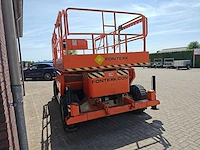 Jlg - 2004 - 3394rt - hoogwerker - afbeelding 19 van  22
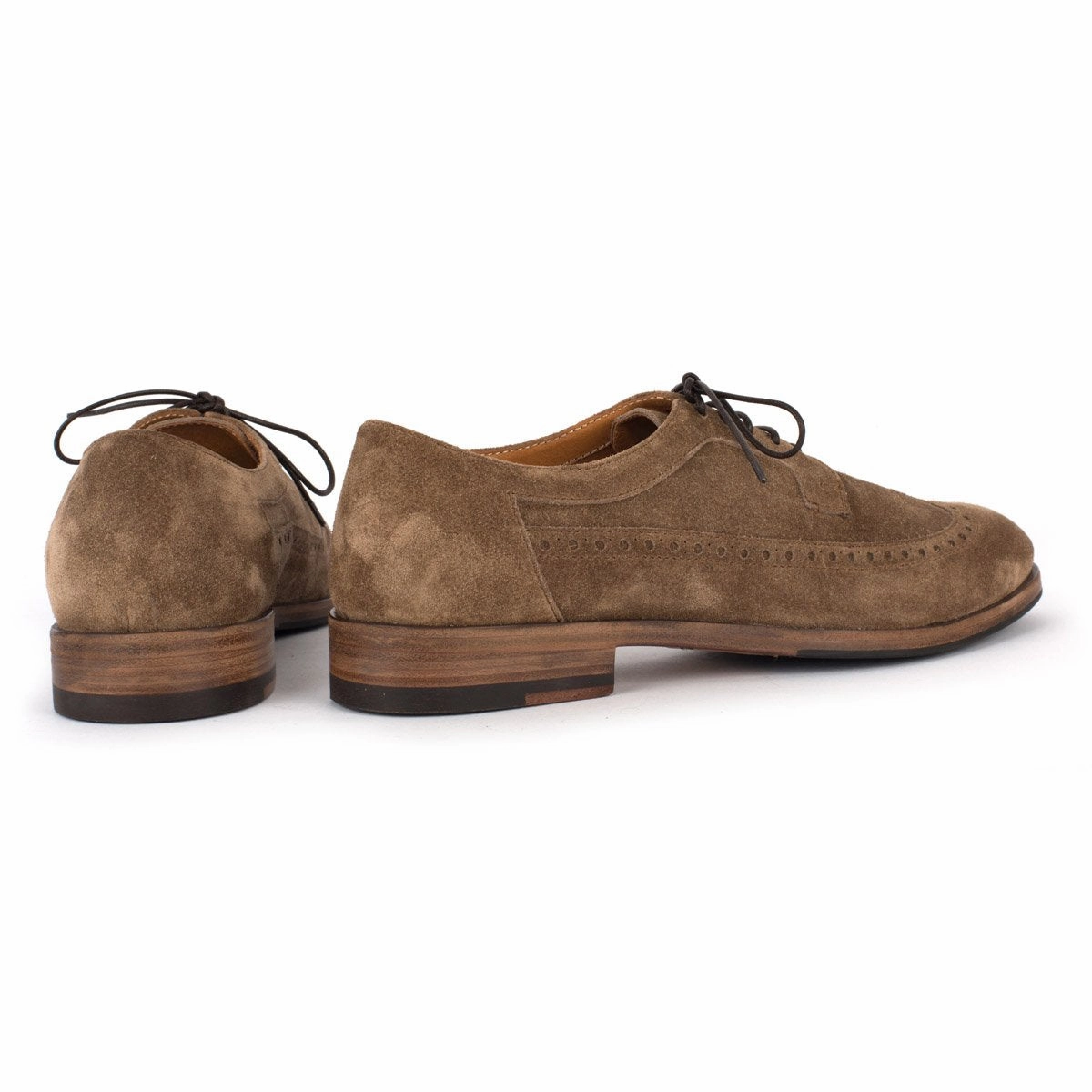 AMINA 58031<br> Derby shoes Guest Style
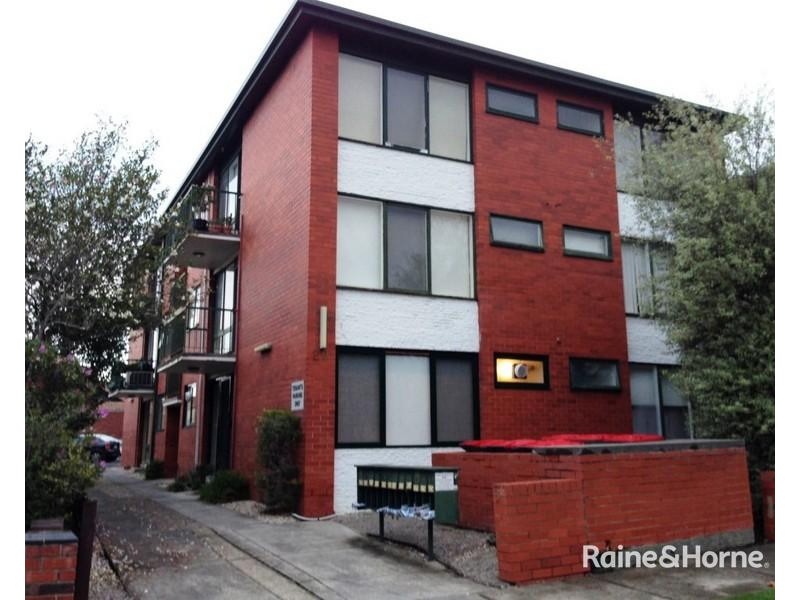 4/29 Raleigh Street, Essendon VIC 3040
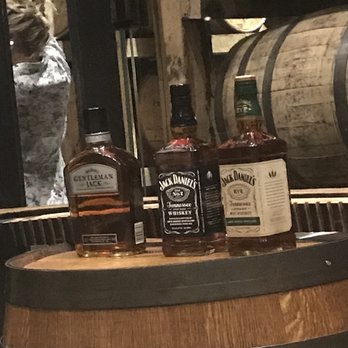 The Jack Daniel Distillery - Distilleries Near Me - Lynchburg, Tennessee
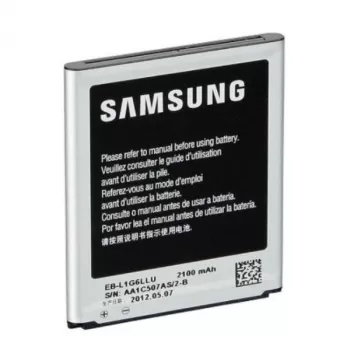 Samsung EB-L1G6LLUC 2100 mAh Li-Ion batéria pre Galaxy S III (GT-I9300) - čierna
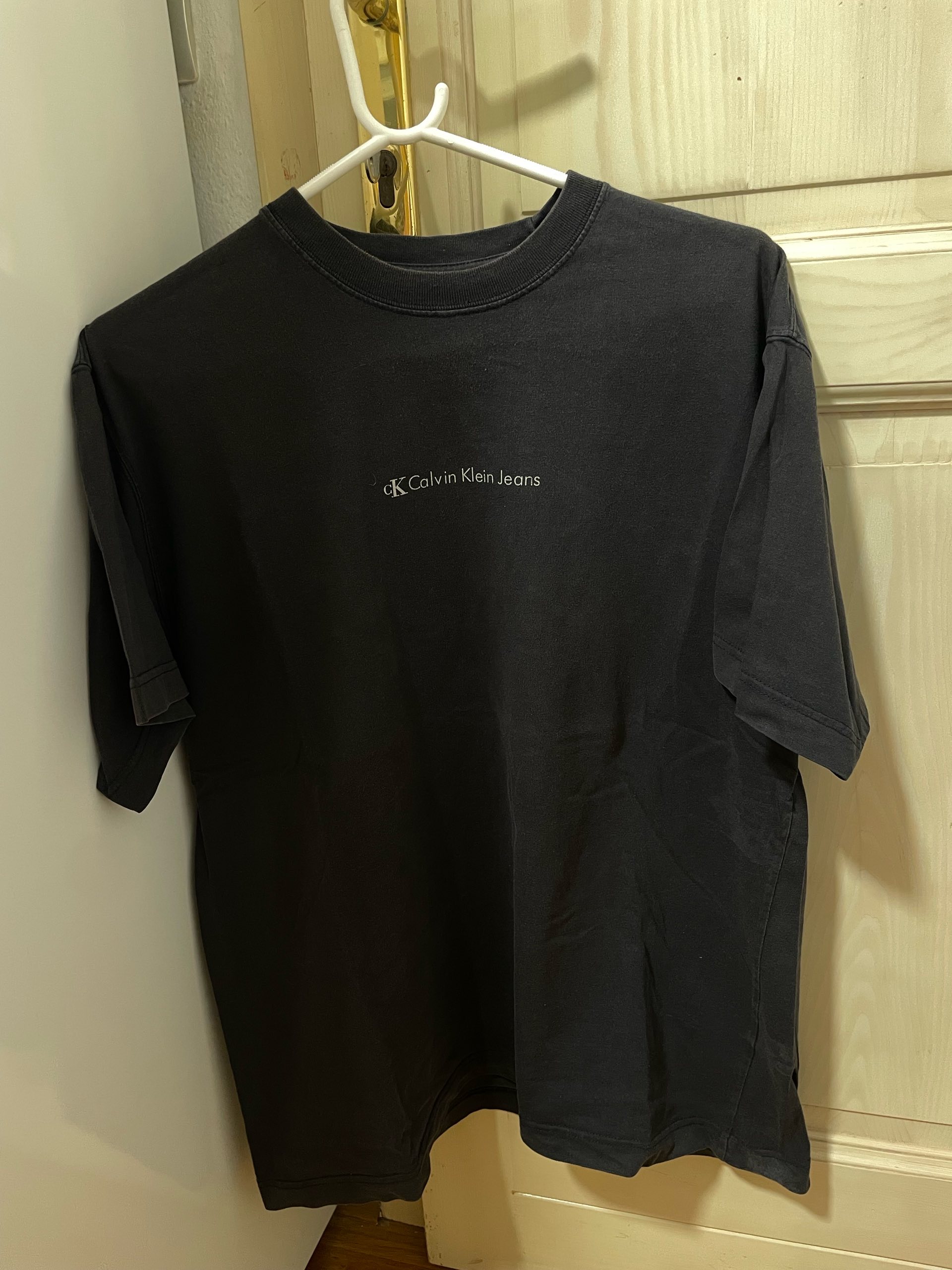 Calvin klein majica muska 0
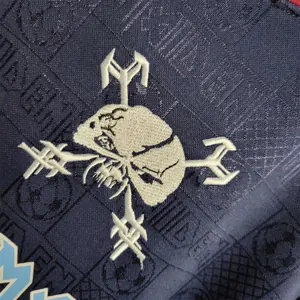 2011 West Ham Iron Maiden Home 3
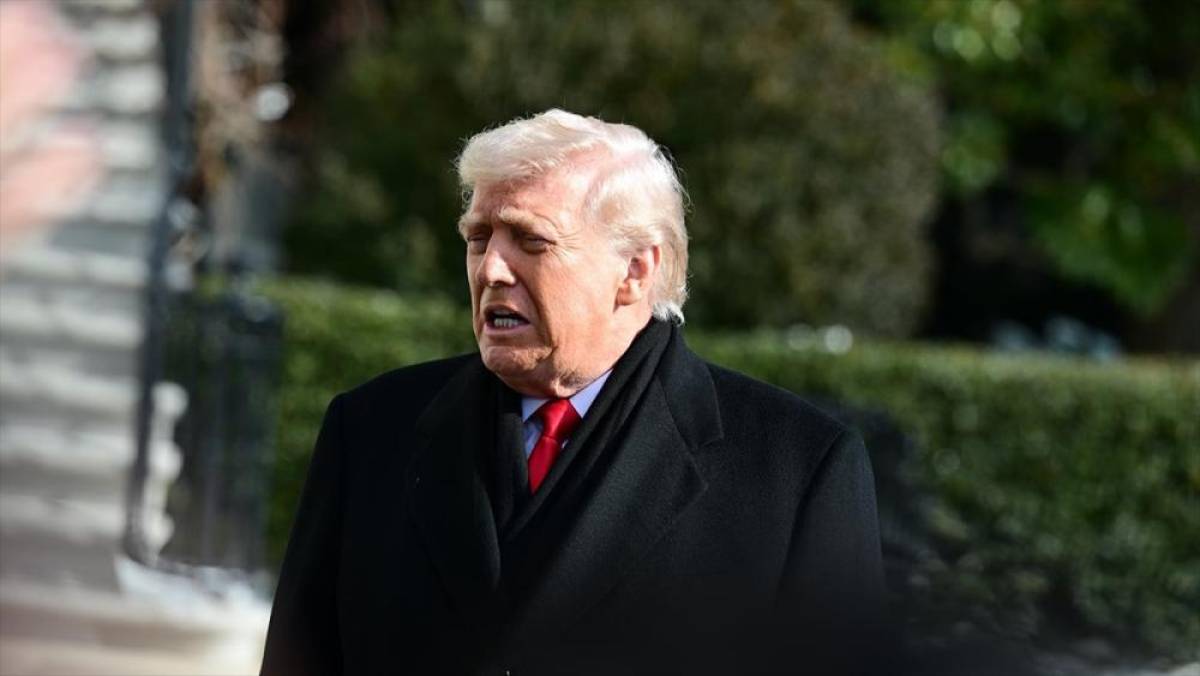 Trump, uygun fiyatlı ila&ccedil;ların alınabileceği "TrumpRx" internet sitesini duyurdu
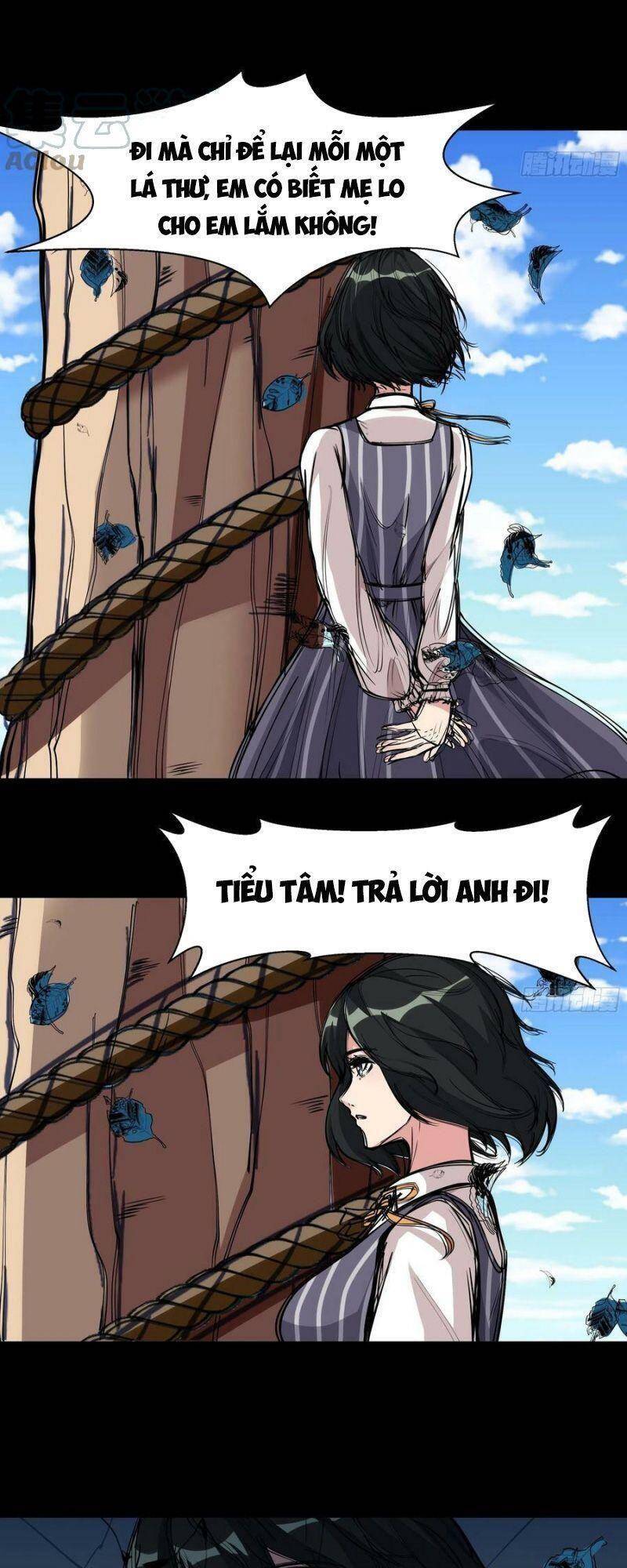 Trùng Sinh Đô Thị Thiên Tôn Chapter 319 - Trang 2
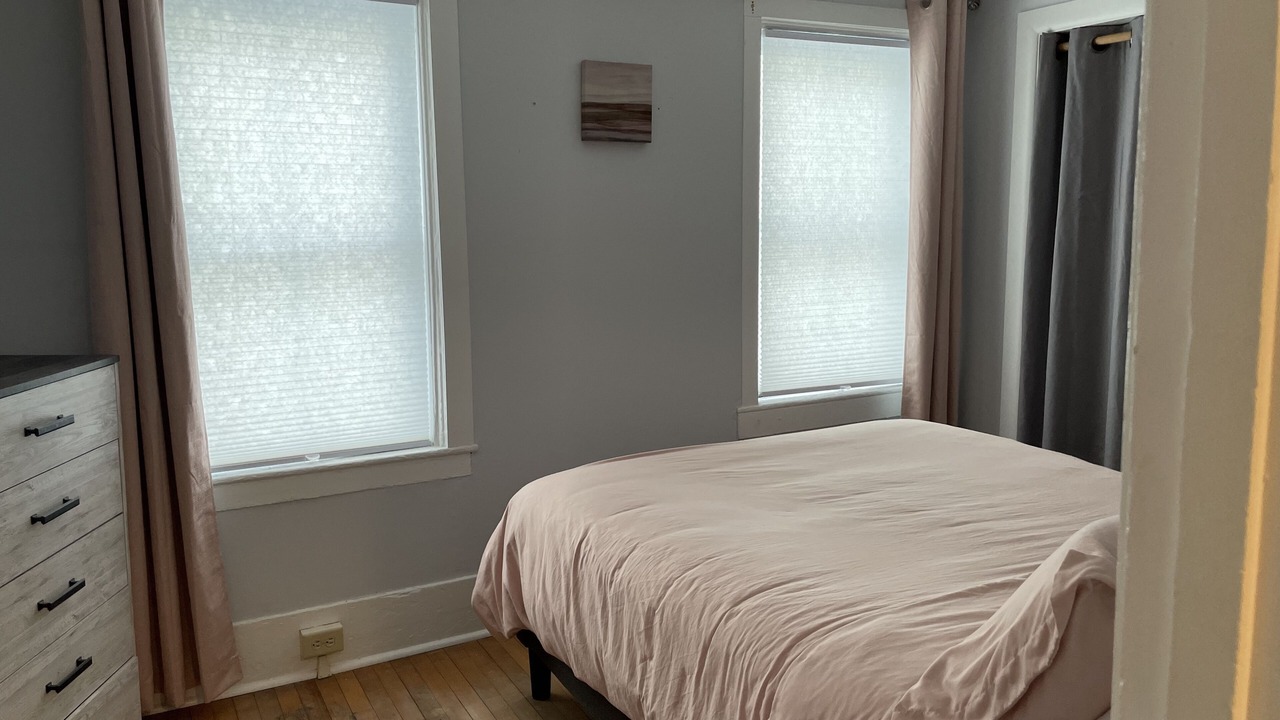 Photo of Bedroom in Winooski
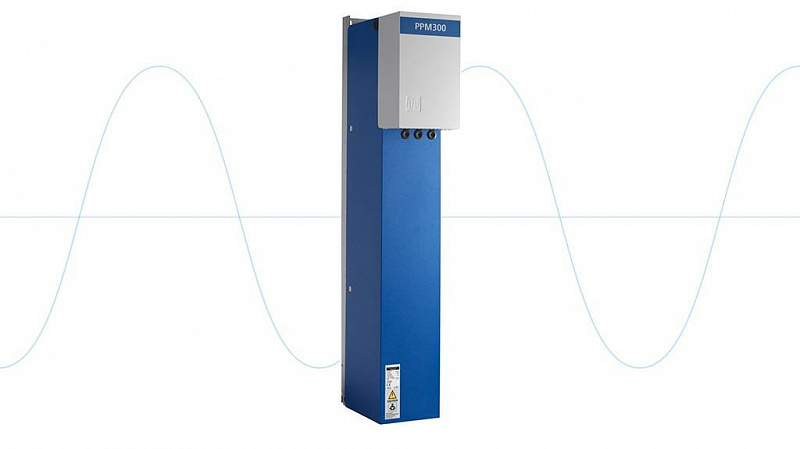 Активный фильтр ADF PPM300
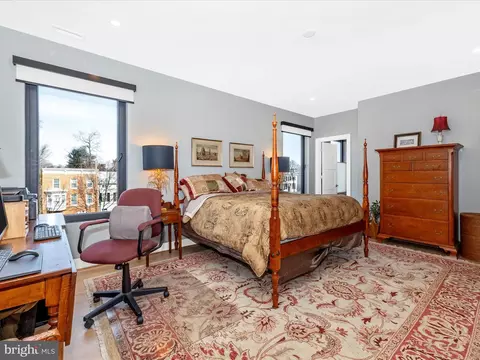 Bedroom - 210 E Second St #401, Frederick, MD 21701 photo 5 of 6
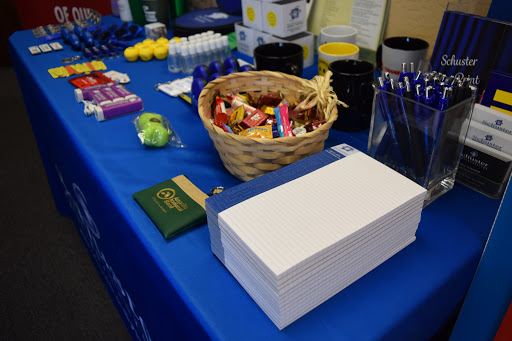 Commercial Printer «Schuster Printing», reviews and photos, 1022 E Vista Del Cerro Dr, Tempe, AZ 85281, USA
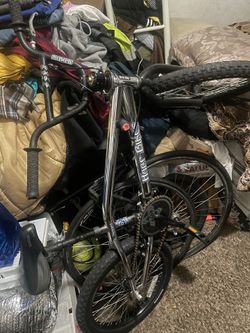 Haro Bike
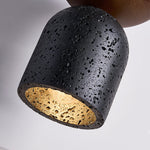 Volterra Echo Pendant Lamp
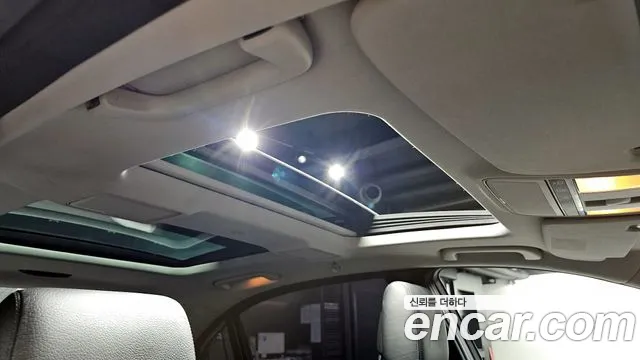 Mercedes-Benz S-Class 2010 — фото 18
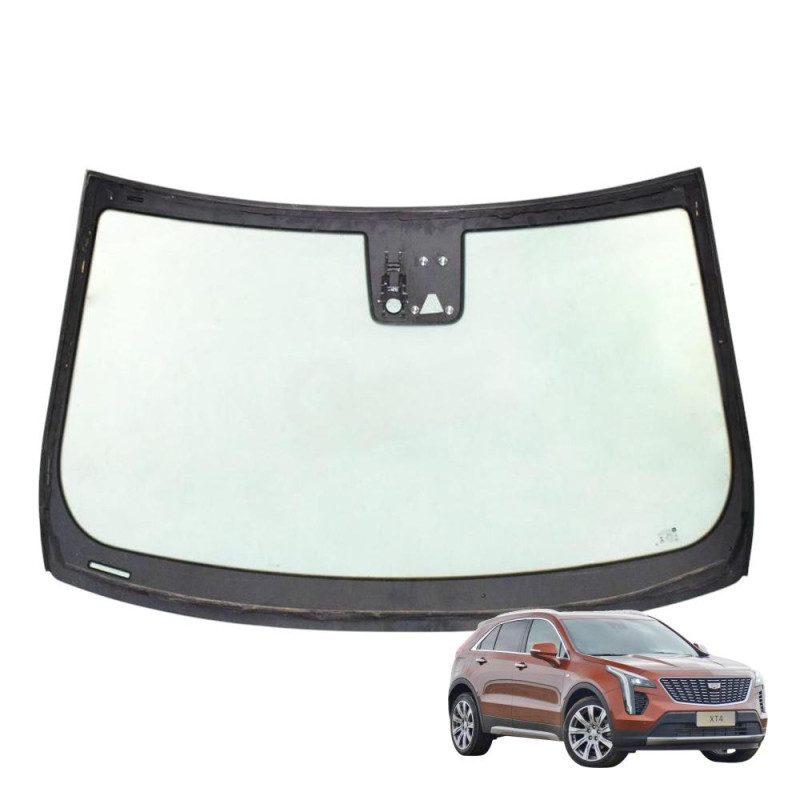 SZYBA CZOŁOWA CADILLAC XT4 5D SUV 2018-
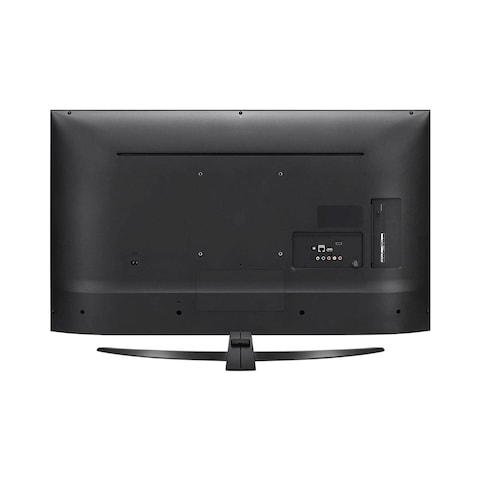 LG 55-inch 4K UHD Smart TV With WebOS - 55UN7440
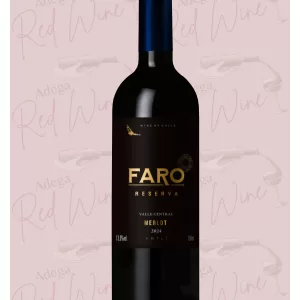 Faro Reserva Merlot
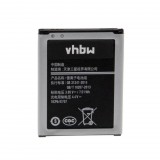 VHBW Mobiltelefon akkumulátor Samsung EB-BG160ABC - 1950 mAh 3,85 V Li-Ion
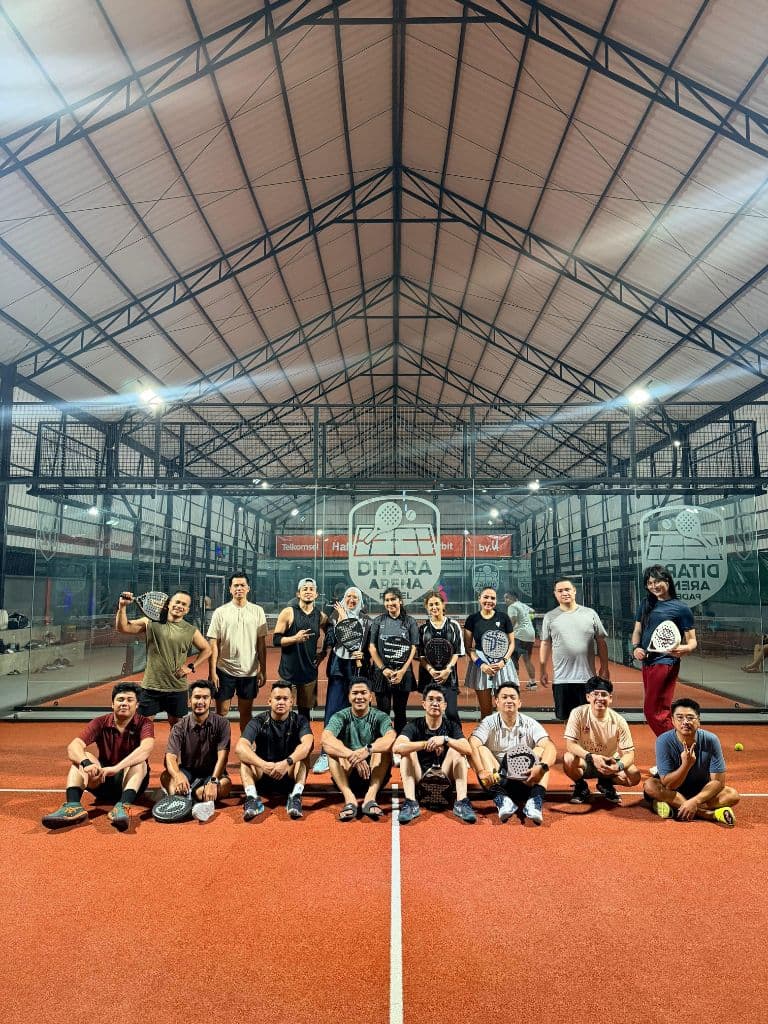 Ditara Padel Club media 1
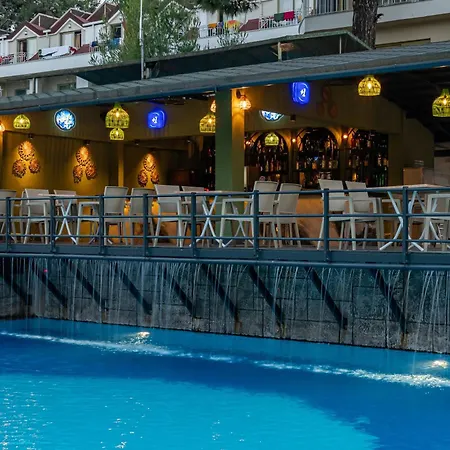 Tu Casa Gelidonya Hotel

Exercise prompt: The required output is the exact lines from the opening line of the entries through the line with "Активный фильтр ADF PPM300", inclusive, without pictures.

Exercise solution:
 Jlg - 2004 - 3394rt - hoogwerker - afbeelding 19 van  22
 AMINA 58031<br> Derby shoes Guest Style
 4/29 Raleigh Street, Essendon VIC 3040
 The Jack Daniel Distillery - Distilleries Near Me - Lynchburg, Tennessee
 Samsung EB-L1G6LLUC 2100 mAh Li-Ion batéria pre Galaxy S III (GT-I9300) - čierna
 Calvin klein majica muska 0
 2011 West Ham Iron Maiden Home 3
 Trump, uygun fiyatlı ila&ccedil;ların alınabileceği "TrumpRx" internet sitesini duyurdu
 Trùng Sinh Đô Thị Thiên Tôn Chapter 319 - Trang 2
 Photo of Bedroom in Winooski
 Активный фильтр ADF PPM300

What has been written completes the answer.